Lol

Its been like that forever with all storage media.
It's actually pretty simple stuff. Computers use a binary number system! Basically everything is 2 to the power of some number:
2, 4, 8, 16, 32, 64, 128, 256, 512 1024, 2048... and so on. If you look through that list you'll notice a few common computer numbers. (e.g. 512 mb of ram, ever wondered why its 512 not 500? or why 2Gb of ram is actually 2048 megabytes?).
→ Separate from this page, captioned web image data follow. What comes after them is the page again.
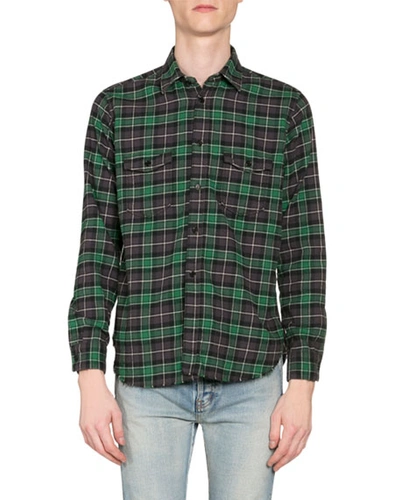 Saint Laurent Distressed Checked Cotton-flannel Shirt In Green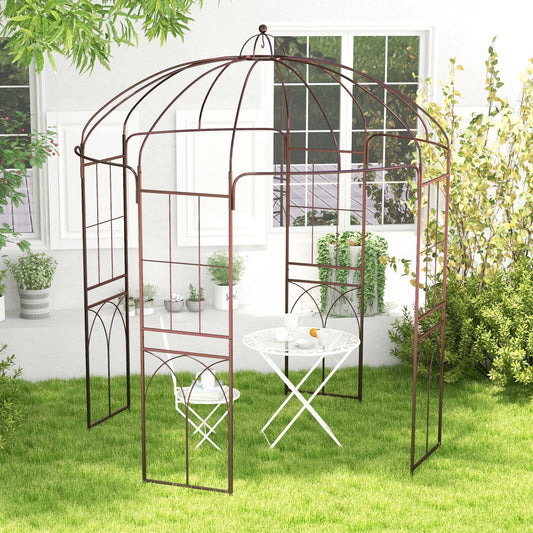 8.4 x 7 Feet Wide Birdcage Shape Garden Arbor with sturdy metal frame and anti-rust coating, ideal for climbing plants and decorative hanging.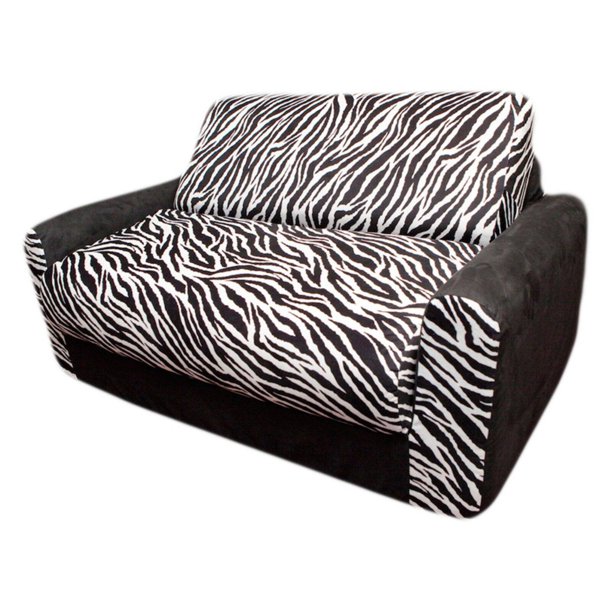 Fun Furnishings Black Zebra Sofa Sleeper with Pillows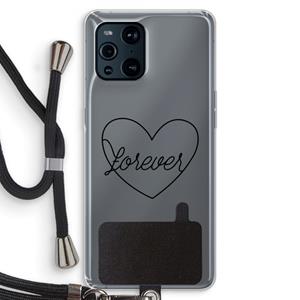 CaseCompany Forever heart black: Oppo Find X3 Pro Transparant Hoesje met koord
So basically there are 1024 bytes in a kilobyte, 1024 kilobytes in a megabyte and 1024 megabytes in a gigabyte. So 500 gigabytes is actually 500 x 1024 megabytes which equals 512000 megabytes or 512000 x 1024 kilobytes which equals 524288000 kilobytes.
Now in the normal decimal system kilo means 1000, mega means a million etc.
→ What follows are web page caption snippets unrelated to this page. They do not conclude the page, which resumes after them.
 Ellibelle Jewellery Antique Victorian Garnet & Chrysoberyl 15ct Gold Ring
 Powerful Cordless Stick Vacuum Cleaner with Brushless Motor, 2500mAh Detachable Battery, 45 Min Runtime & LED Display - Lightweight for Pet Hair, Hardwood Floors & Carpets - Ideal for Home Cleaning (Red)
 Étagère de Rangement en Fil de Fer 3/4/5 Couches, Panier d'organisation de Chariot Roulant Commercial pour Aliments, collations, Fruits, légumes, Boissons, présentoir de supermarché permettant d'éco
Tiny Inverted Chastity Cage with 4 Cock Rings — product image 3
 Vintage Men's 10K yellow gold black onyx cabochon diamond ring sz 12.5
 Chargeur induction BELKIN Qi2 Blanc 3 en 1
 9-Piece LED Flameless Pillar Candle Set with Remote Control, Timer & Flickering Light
So for example what the manufacturers sell is 640 gigabytes using the "decimal" giga, not the "binary" giga:
640 x 1000 = 640 000 "megabytes"
640000 x 1000 = 640 000 000 "kilobytes"
640 000 000 x 1000 = 640 000 000 000 "bytes"
BUT the computer reads this number in binary! So 640 000 000 000 bytes divided by 1024 = 625 000 000 kilobytes, not 640 000 000!